With a plunge of around 80% in climate measurements taken from aircraft, due to air travel all but collapsing due to coronavirus, the World Meteorological Organization (WMO) Thursday expressed concern about the pandemic’s rising impact on the quantity and quality of weather observations.
“Meteorological measurements taken from aircraft have plummeted by an average 75-80% compared to normal, but with very large regional variations; in the southern hemisphere, the loss is closer to 90%,” said the WMO, noting they also affect atmospheric and climate monitoring.
“Surface-based weather observations are in decline, especially in Africa and parts of Central and South America where many stations are manual rather than automatic.”
The WMO said its Global Observing System serves as a mainstay for all weather and climate services and products provided by the 193 WMO Member states and territories, to their citizens.
It provides observations on the state of the atmosphere and ocean surface from land-, sea- and space-based instruments.
“National Meteorological and Hydrological Services continue to perform their essential 24/7 functions but are facing increasingly severe challenges as a result of the Coronavirus pandemic, especially in developing countries,” said WMO Secretary-General Petteri Taalas.
WMO’s data is used to prepare weather analyses, forecasts, advisories, and warnings.
Taalas said meteorological services help protect lives and property but expressed concern about the rising constraints on capacity and resources.
Large parts of the observing system, for example, its satellite components and many ground-based observing networks, are either partly or fully automated.
They are, therefore, expected to continue functioning without significant degradation for several weeks, and in some cases, even longer.
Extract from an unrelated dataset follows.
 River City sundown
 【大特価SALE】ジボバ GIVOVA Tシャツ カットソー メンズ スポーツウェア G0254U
But if the pandemic is prolonged, then missing repair, maintenance, and supply work, and missing redeployments will become of higher concern.
Commercial airliners contribute to the WMO Aircraft Meteorological Data Relay program (AMDAR).
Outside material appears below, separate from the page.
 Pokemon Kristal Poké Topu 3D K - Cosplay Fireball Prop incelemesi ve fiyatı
The program uses onboard sensors, computers, and communications systems.
These automatically collect, process, format, and transmit meteorological observations to ground stations via satellite or radio links.
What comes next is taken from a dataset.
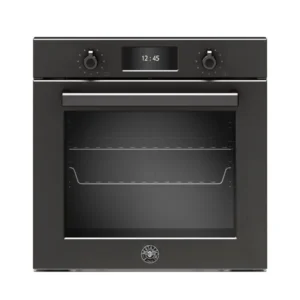 Ⓜ️🔵🔵🔵 BERTAZZONI F6011PROVPTX/23 - Forno da incasso, Carbonio, 60 cm, Serie Professional, Elettrico Pirolitico, Display TF...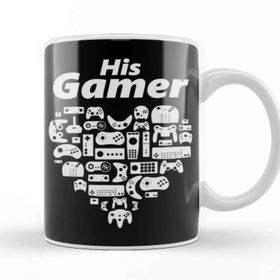 Baskı Dükkanı Gamer Love His Kupa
The AMDAR observing system produces more than 800 000 high-quality observations a day of air temperature and wind speed and direction, along with required positional and time-based information, said the WMO.
It added that humidity and turbulence measurements had been increasingly recorded.
Currently, 43 airlines and several thousand aircraft contribute to the AMDAR program, which is expected to expand significantly in the coming years due to collaboration on the program with the International Air Transport Association IATA.